Mass excavation began in January 2007, followed by drilling piers, digging footings and finally placement of concrete for the beginning of the foundation system.
By September 2007, the orchestra pit in the proscenium theatre was dug out and footings for it were progressing. Foundations were also completed for the fly tower – the tall backstage area within the proscenium theatre where equipment such as sets, scrims, lighting, and riggings can be suspended and ready for use.
Another key element of the Kauffman Center foundation is a complex rock anchor shoring system that performs the dual task of retaining the exposed shale and limestone bedrock face as well as providing lateral support for the north wall of the parking garage and south wall of the Kauffman Center.
The south wall is 50 feet tall by 350 feet long by 4 feet wide and will anchor the structural cables from the performing arts center's grand lobby, a central glass-enclosed lobby that connects the two performance spaces and leads sloping green space above the garage.

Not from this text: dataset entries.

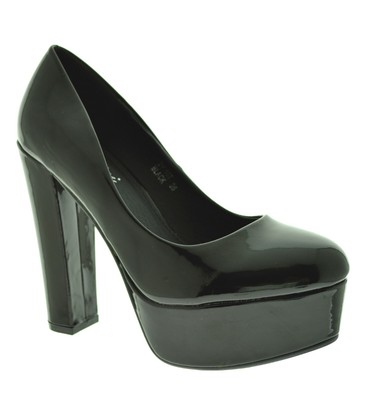 SCARPE DONNA CON PLATEAU DECOLLETE ALTE CROMATE DECOLTE LUCIDE CON TACCO  LARGO | eBay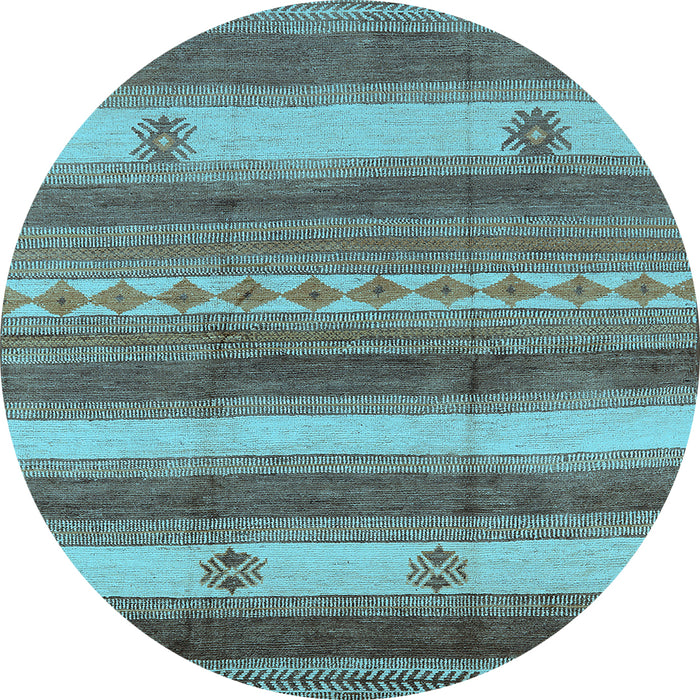 Round Machine Washable Oriental Light Blue Industrial Rug, wshurb735lblu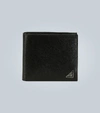 Prada Folded Leather Wallet In Black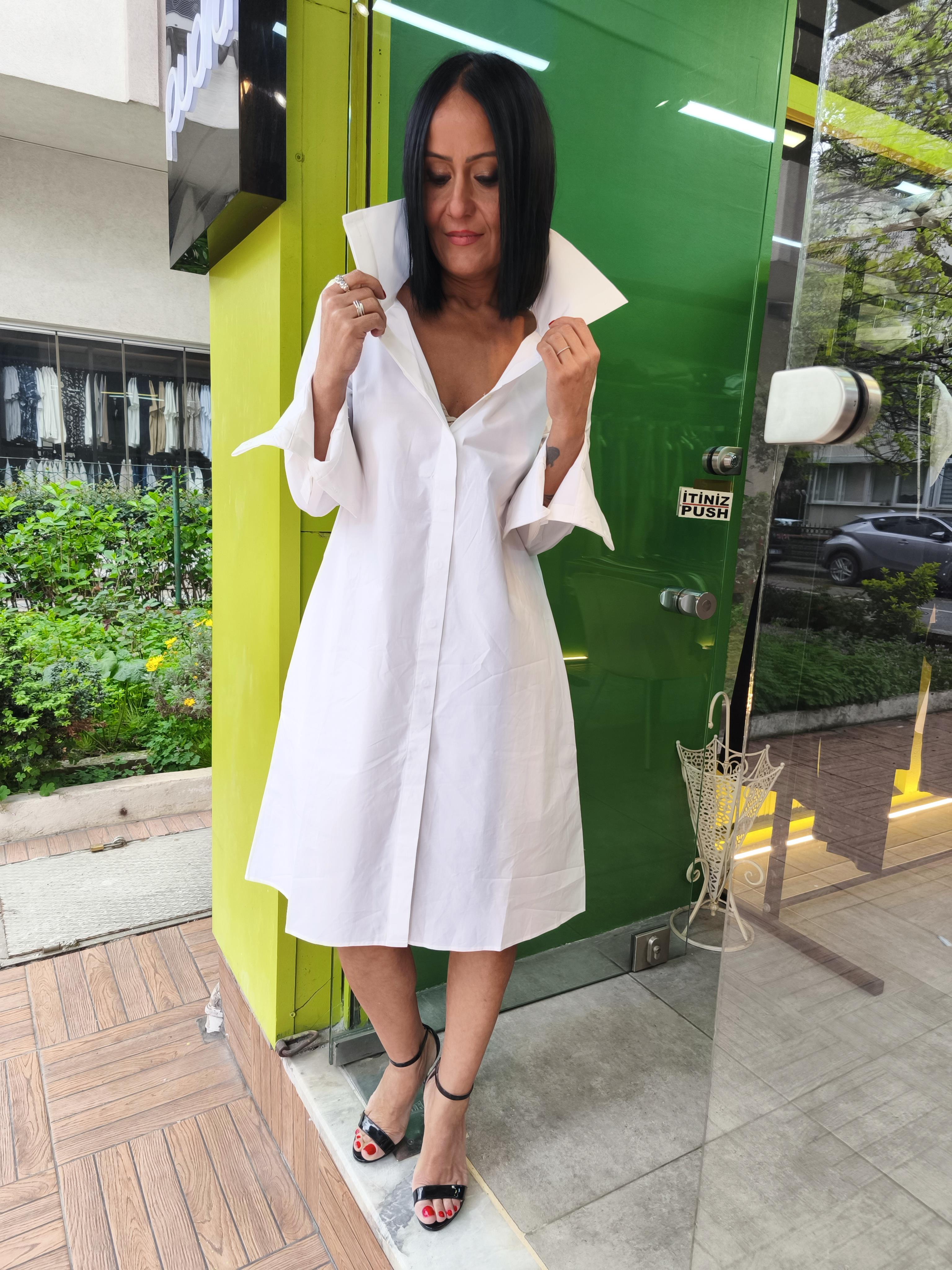 Orijinal Marka Dar Kesim Gömlek Elbise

The wall is supported by an 8-foot-wide, cast-in-place concrete foundation bearing on the exposed limestone bedrock formation with rock anchors installed to provide increased resistance to the uplift forces. While this wall was built adjacent to the excavated rock face for the planned parking garage and will be backfilled between the wall and rock face, the opposite side will remain exposed along the side of the garage.
Because of this, it was critical that the wall be anchored to resist the forces from the cables along the top and also the lateral forces from the backfill material placed adjacent to the wall. To reduce the lateral pressure applied to the wall, the area between the wall and rock face was backfilled using a flowable fly ash fill material.
Design engineers designed the shoring anchors to support 50 kips and the wall tie-back anchors to be buried 35 feet into the bedrock and support 84 kips.
As one construction team dug out the garage space, another installed the rock anchors with engineers watching closely. Two rows of the anchors extend through the wall to provide additional resistance and lateral stability for the wall.
Difficulties were encountered during installation due to the upper row of the tie-back anchors extending through the transition area of the upper limestone formation into the underlying shale formation. Following a series of test anchors, engineers decided to increase the diameter of the holes, flatten the angle of the anchors to maintain the bonded length in limestone bedrock, and reduce the bonded length of the anchors to achieve the required design capacities of the tie-back anchors. These tie-back anchors were critical to providing the lateral stability that was required for this massive wall.
Throughout, Kleinfelder performed special inspection with respect to the installation of the shoring system, evaluation of the bearing materials for the wall foundation, and observation and testing of the reinforcing steel and concrete for the proposed south wall.
By December 2007, 10,000 cubic yards of concrete and 2 million pounds of rebar had been placed, nearly completing the foundation work. Underground work began in the central plant, enabling foundations and finished floors to be installed. Elevated decks were placed that allowed early mechanical and electrical work in equipment pits to take place.
In early 2008, walls began emerging above street level. The fly tower of the proscenium theatre was topped out in August 2008. At 74 feet, this structure is currently the tallest feature of the building, but will soon be dwarfed by the structural steel frame. Construction of the anchor wall that supports the unique atrium glass structure has also been completed with the large embed plates installed that will eventually secure the structural cables from the building.